True...but can I just emphasise and 'underline' any recommendation that involves Symphonies 3 and 5, the two Serenades and the Piano Concerto.


----------



## Gallus (Feb 8, 2018)

Rusalka, SQ 13, Symphony 9, Symphony 8, Cello Concerto


----------



## 59540 (May 16, 2021)

Cello concerto
Symphonies 7-9
Serenade for strings


----------



## Skakner (Oct 8, 2020)

1. *Stabat Mater*
----------------------
2. Symphony 8
3. Symphony 9
4. Cello Concerto
5. String Serenade


----------



## Scherzi Cat (8 mo ago)

Symphony No. 9, Cello Concerto, Violin Concerto, Serenade for Winds, “American” String Quartet


----------



## Otis B. Driftwood (4 mo ago)

Violin Concerto
Cello Concerto
Symphony no. 9 "New World"
Slavonic Dances
Piano Trio no. 4 "Dumky"


----------



## Ethereality (Apr 6, 2019)

Dvorak has a lot of *first movements* I adore. Symphony 9, Cello Concerto. But my Dvorak spirit animal... yes we all have one, is the first movement of Symphony 7.

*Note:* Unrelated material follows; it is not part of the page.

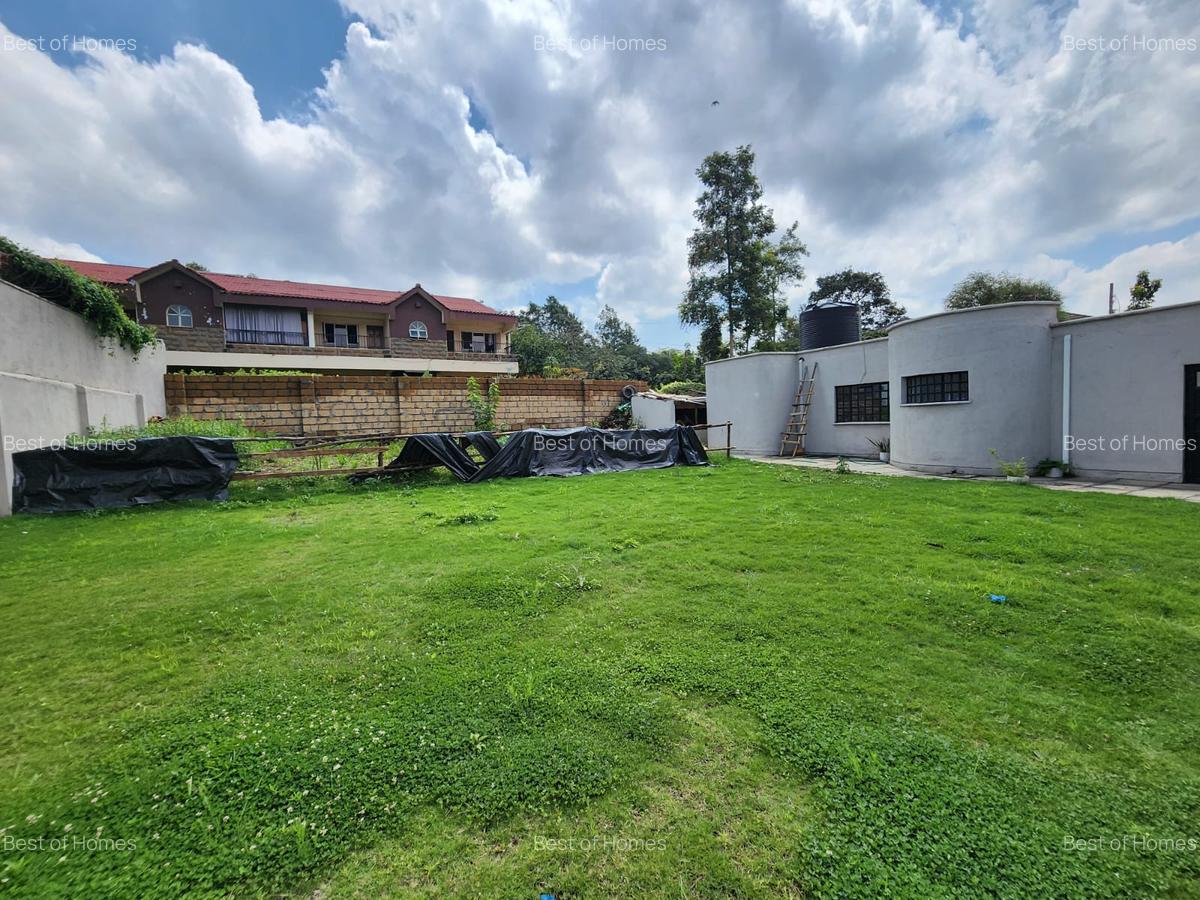 1 Bed House with En Suite in Lavington - 10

Edit: Speaking of adore, that sounds like a good descriptor for Dvorak. _Adorable_


----------



## ORigel (May 7, 2020)

Turns out I already participated. Anyway, String Quintets nos. 2 (with double bass) and 3 ("American") are worth hearing.


----------



## Mister Meow (10 mo ago)

I recently re-discovered the 5 Dvorak bagatelles. I find them charming. They make me smile.

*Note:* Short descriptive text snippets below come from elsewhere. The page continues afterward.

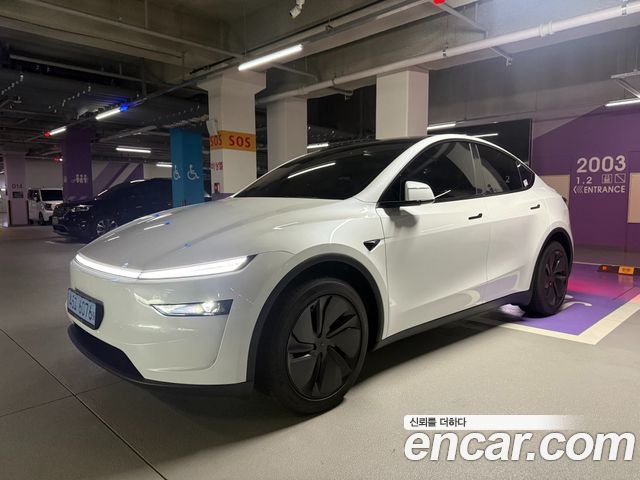 Tesla Model Y RWD — пробег 1 652 км — фото 4 из 5
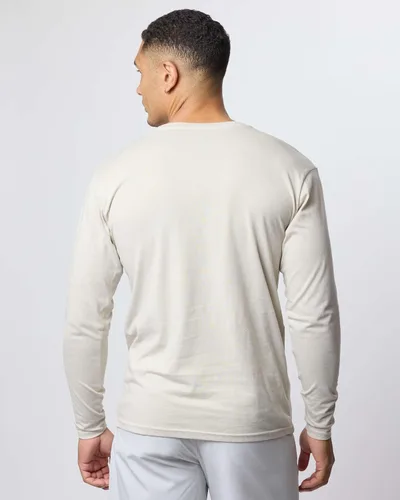 Vista 3 de Real Essentials Paquete de 3 Camiseta deportiva de algodón de manga larga con cuello redondo y bolsillo para hombre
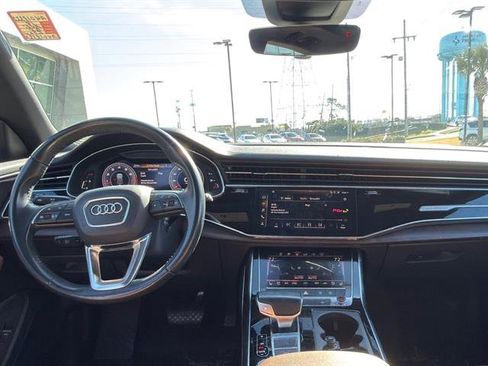 Used 2019 Audi Q8 Premium Plus image 11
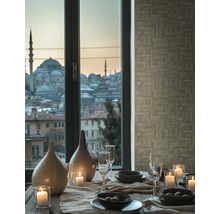 Dekorierter Esstisch mit Blick auf eine Stadt
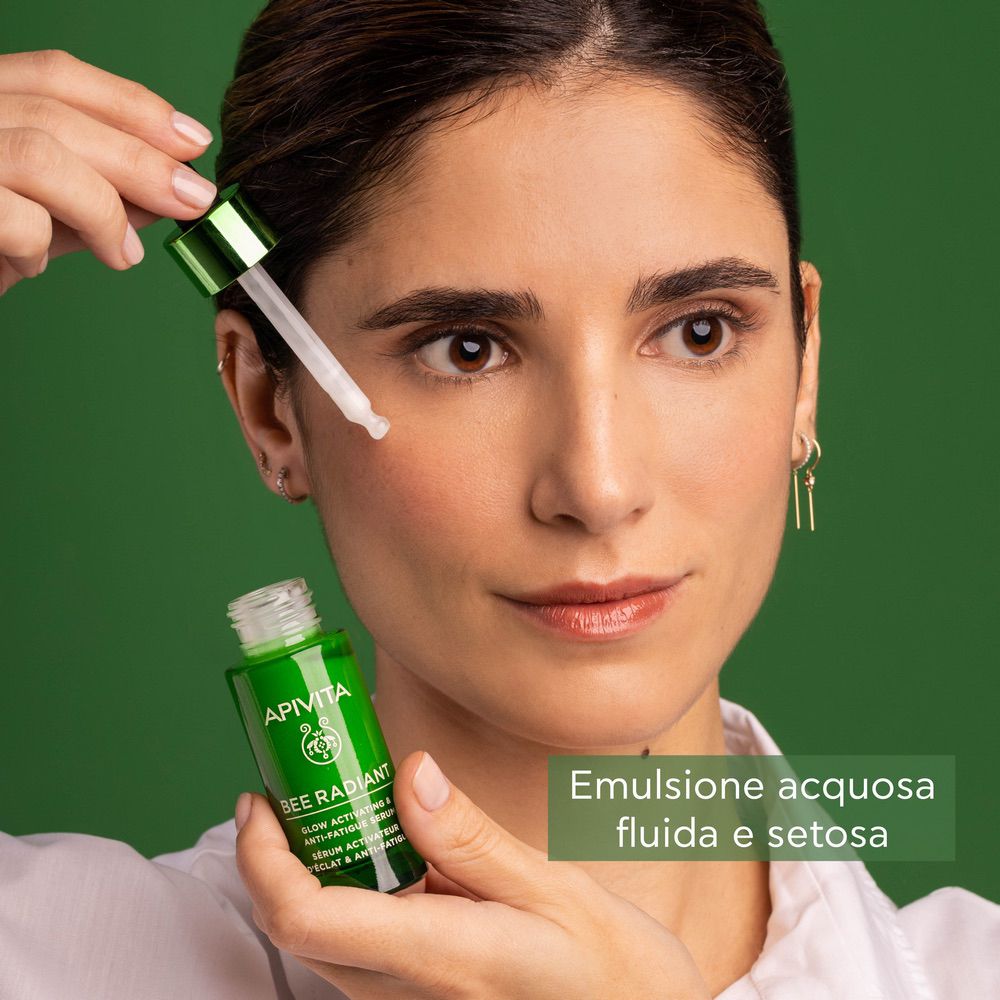Vrouw houdt flesje en pipet vast. Tekst: Emulsione acquosa fluida e setosa.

While listening to them, I realized that I didn't even know what a bagatelle was, so I looked it up, and it's "a short unpretentious instrumental composition".

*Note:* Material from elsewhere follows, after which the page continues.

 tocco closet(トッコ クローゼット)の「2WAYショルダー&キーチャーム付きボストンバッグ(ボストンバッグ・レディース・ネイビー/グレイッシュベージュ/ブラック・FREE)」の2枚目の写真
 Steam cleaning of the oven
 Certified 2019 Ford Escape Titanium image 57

So I wouldn't ordinarily spend a lot of time listening to a harmonium, but I like it with these bagatelles.

Now that I've chosen the 5 bagatelles, does that mean that I've used up my entire allotment of top five compositions? Or does the set count as one? 😉 

I also kind of like the Serenade for Wind, but for me it depends a lot on the performance. Then there was the piano quartet -- or was a quintet? I forget. I haven't heard that in a while. I think I'll be exploring the string quartets next.


----------



## Bruckner Anton II (6 mo ago)

Cello Concerto
Piano Quintet #2 op.81
String Quartet #12
String Serenade
Violin Concerto


----------